=== DESCRIPTION OF THE TASK ===
All entries shown below must be given again word for word.

Short web captions:
........

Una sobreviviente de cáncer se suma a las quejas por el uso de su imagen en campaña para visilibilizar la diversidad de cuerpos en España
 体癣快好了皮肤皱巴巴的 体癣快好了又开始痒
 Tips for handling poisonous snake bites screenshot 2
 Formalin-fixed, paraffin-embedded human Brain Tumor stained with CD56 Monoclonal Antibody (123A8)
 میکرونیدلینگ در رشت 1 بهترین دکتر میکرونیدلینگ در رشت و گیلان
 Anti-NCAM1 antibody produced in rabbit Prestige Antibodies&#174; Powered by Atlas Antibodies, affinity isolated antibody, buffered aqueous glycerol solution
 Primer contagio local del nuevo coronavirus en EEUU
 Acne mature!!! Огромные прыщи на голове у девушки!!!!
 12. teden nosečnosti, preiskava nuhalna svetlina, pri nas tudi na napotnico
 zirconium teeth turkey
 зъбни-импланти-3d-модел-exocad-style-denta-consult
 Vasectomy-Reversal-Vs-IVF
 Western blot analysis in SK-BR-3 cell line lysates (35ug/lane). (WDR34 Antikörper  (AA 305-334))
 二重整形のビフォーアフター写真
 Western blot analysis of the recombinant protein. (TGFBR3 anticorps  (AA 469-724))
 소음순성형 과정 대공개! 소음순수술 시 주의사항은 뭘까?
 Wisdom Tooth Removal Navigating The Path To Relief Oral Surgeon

........

=== THE ANSWER ===
Una sobreviviente de cáncer se suma a las quejas por el uso de su imagen en campaña para visilibilizar la diversidad de cuerpos en España
 体癣快好了皮肤皱巴巴的 体癣快好了又开始痒
 Tips for handling poisonous snake bites screenshot 2
 Formalin-fixed, paraffin-embedded human Brain Tumor stained with CD56 Monoclonal Antibody (123A8)
 میکرونیدلینگ در رشت 1 بهترین دکتر میکرونیدلینگ در رشت و گیلان
 Anti-NCAM1 antibody produced in rabbit Prestige Antibodies&#174; Powered by Atlas Antibodies, affinity isolated antibody, buffered aqueous glycerol solution
 Primer contagio local del nuevo coronavirus en EEUU
 Acne mature!!! Огромные прыщи на голове у девушки!!!!
 12. teden nosečnosti, preiskava nuhalna svetlina, pri nas tudi na napotnico
 zirconium teeth turkey
 зъбни-импланти-3d-модел-exocad-style-denta-consult
 Vasectomy-Reversal-Vs-IVF
 Western blot analysis in SK-BR-3 cell line lysates (35ug/lane). (WDR34 Antikörper  (AA 305-334))
 二重整形のビフォーアフター写真
 Western blot analysis of the recombinant protein. (TGFBR3 anticorps  (AA 469-724))
 소음순성형 과정 대공개! 소음순수술 시 주의사항은 뭘까?
 Wisdom Tooth Removal Navigating The Path To Relief Oral Surgeon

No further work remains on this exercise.